Aufstellung der Silber-Staffel im Langlauf
Einen ganz speziellen Plan hatten sich Deutschlands Langlauftrainer für die Olympiastaffel zusammengebastelt. Man war sich über die Aufstellungen der Konkurrenz ziemlich im Klaren. Und weil man zudem das Leistungsvermögen der eigenen vier Frauen gut einschätzen konnte, packten die DSV-Tüftler tief in die Trickkiste. Stellten nicht nur schlau auf, sondern brachten der Truppe auch bei, so lange es geht, vorn mitzumischen, selbst aber nicht zu attackieren.

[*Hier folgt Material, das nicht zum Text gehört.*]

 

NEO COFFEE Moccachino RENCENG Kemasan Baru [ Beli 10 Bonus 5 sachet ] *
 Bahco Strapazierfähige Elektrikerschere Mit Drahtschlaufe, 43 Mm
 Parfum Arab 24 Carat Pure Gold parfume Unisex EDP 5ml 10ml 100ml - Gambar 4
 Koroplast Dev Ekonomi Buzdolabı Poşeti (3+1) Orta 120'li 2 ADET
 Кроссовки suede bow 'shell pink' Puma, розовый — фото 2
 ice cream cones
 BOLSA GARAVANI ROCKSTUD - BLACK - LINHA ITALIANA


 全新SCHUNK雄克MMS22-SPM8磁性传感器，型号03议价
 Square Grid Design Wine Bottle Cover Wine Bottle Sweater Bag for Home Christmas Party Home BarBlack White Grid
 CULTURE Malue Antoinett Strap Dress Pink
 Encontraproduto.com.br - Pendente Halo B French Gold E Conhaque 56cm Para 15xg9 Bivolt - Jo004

Daran hielten sich Startläuferin Katherine Sauerbrey, die an der führenden Russin bis zu Kilometer vier wie ein Gummi klebte, dann angriff. Das galt für für Katharina Hennig, die Russlands Natalja Neprjajewa folgte wie ein Schatten, um die Weltcupspitzenreiterin am Stadioneingang auf Platz 2 zu verabschieden. Und das klappte auch bei Victoria Carl, die sich auch nicht dadurch irritieren lies, dass ihre Konkurrentin immer mal wieder versuchte, das Weite zu suchen. Im Zielraum kam die Thüringerin als erste zum Wechsel, da hatten sich Norwegen, Schweden, Finnland schon mit großem Abstand nach hinten verabschiedet.

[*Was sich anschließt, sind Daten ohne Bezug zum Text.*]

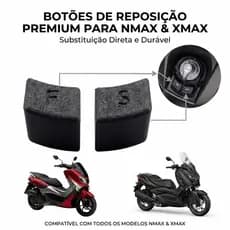 Kit Par Botão Bau Moto Yamaha Xmax Nmax Lid Seat Fuel
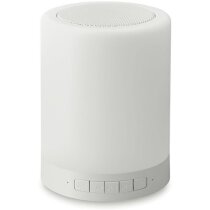 Altavoz con regulador de luz y ranura sd personalizado blanco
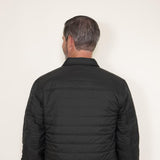 Weatherproof Vintage Quilted Barn Jacket for Men in Green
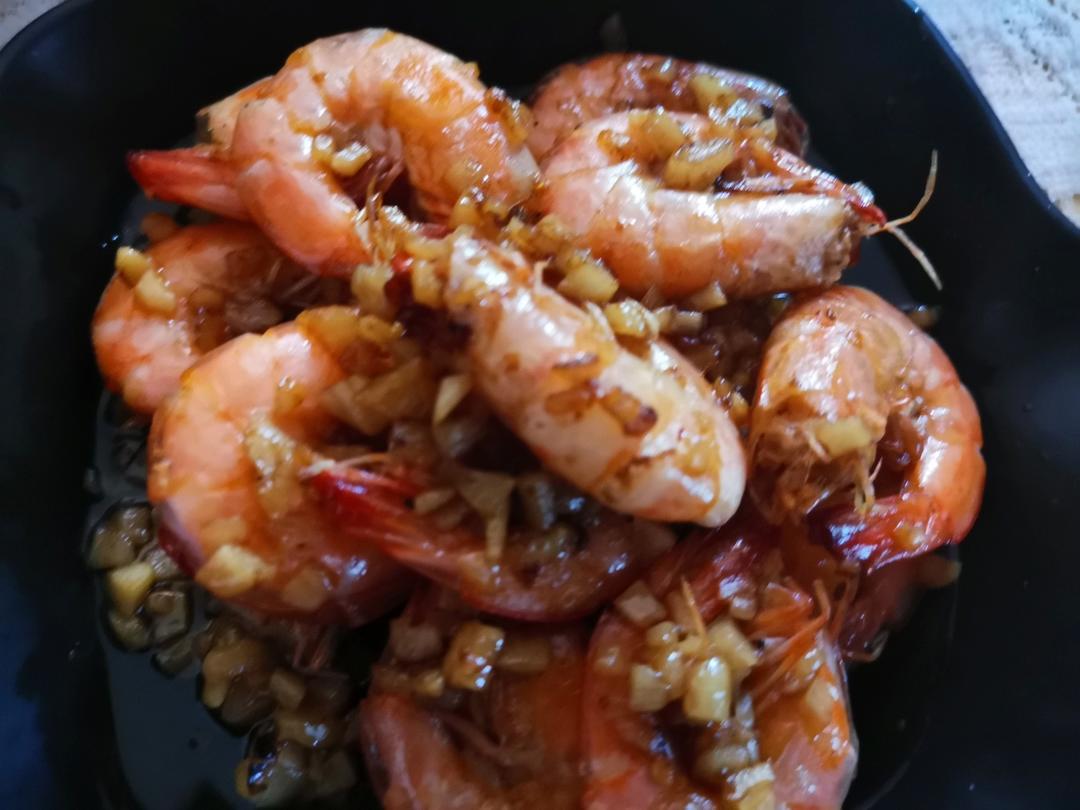 蒜蓉炒大虾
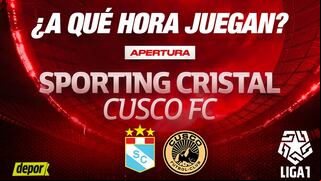 Horarios para ver el partido de Sporting Cristal vs. Cusco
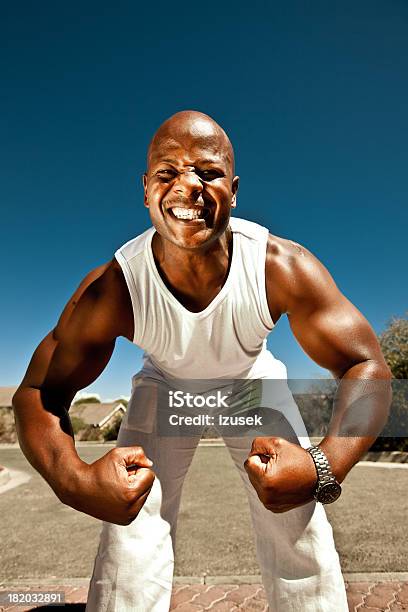 Strong Man Stock Photo - Download Image Now - Aggression, Human Face, Adult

Sophie Krehl als Schlussläuferin konnte zwar der finalen Attacke der Russin nicht standhalten, aber den Angriff auf Platz 2 abwehren und somit für eine der bisher emotionalsten Momente dieser Olympischen Spiele sorgen. Der kam auch zustande, weil das Quartett die Idee der Teamleitung nicht nur verstanden, sondern verinnerlicht und konsequent umgesetzt hatte.